Brazil's government is seeking to ban the sale of alcohol along highways and limit beer advertisements on television in a bid to reduce traffic fatalities and alcoholism in a nation know for its partying.
The government plans to put a bill to Congress for approval that would ban TV beer ads between 8 a.m. and 9 p.m. and restrict the use of images of young people or sports in the ads, Health Minister Jose Gomes Temporao said. The bill would also ban alcohol sales on highways.
"We're not restricting the consumption of alcohol - that is culturally accepted," he said. "Everyone drinks, Brazilians drink. ... The government strategy is 'damage control,' not prohibition."
Temporao did not say when the bill would be introduced to Congress. It was formulated by four ministries, including the Health Ministry.
Government statistics show that 61 percent of all traffic accidents last year in Brazil's four major cities involved the consumption of alcohol.
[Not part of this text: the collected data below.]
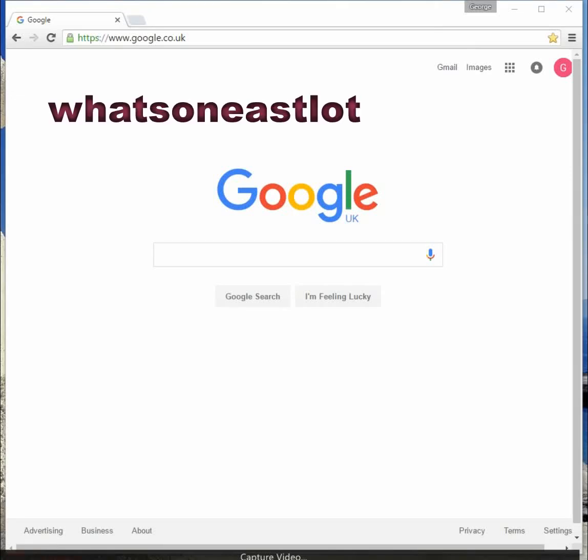Today we're going to look at the new What's on East Lothian database, which is hosted on our behalf by The List. This was an initiative by the East Lothian Area Partnership. We felt that quite often events in East Lothian were missed because people didn't know they were on.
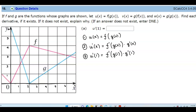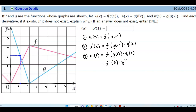The function in blue represents g, and the one in red represents f. To find g of 1, we need to figure out what the output is. When x is 1, the output of g is 3. So we would say f prime of 3 times g prime of 1.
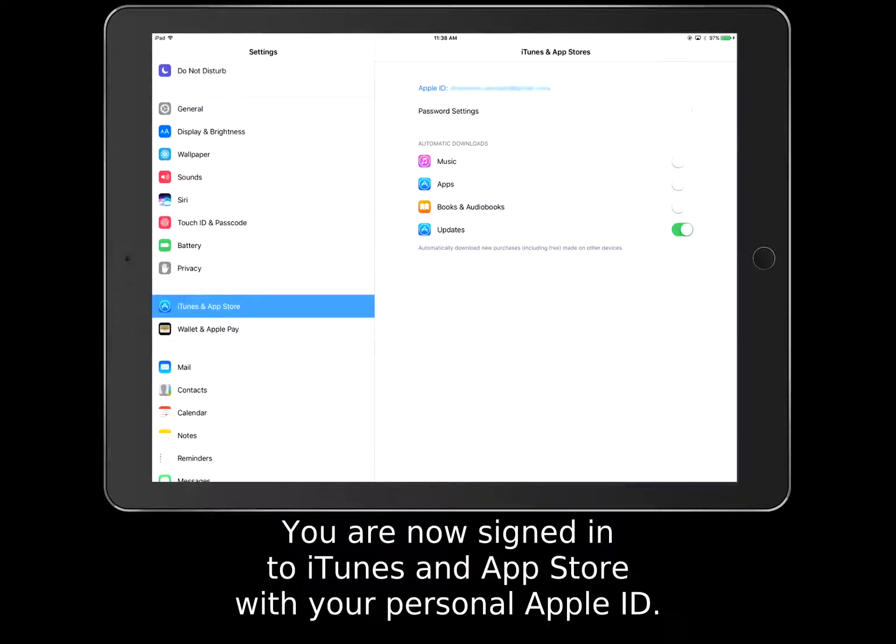You are now signed in to iTunes and App Store with your personal Apple ID.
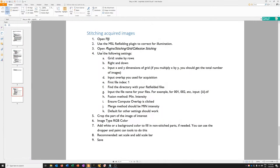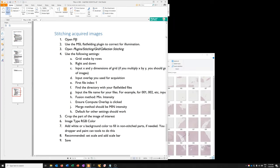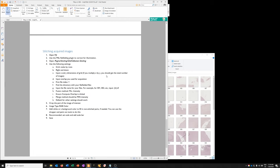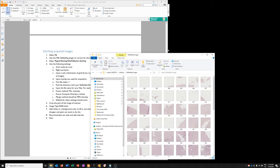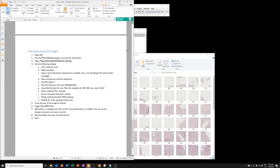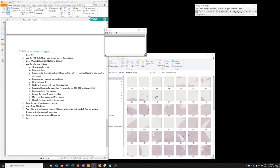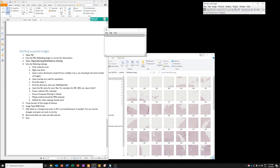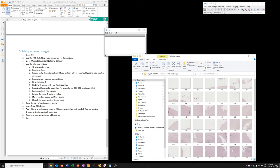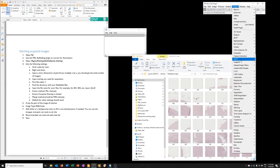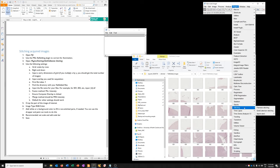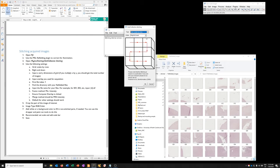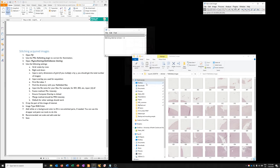So the next step is to open Plugin Stitching, Grid Collection Stitching, and use the following settings. Grid Snake by Rows. Here's where we're telling it how the microscope acquired the images. Order, right and down. That's correct.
Drinking is rife among young Brazilians. The Health Ministry estimates that in 2005, about 75 percent of Brazilians between the ages of 12 and 16 had consumed alcohol at least once, and 12.5 percent said they were "dependent" on alcohol.
Temporao said countries like Portugal that restricted the sale of alcohol along highways have sharply reduced the number of accident-related deaths.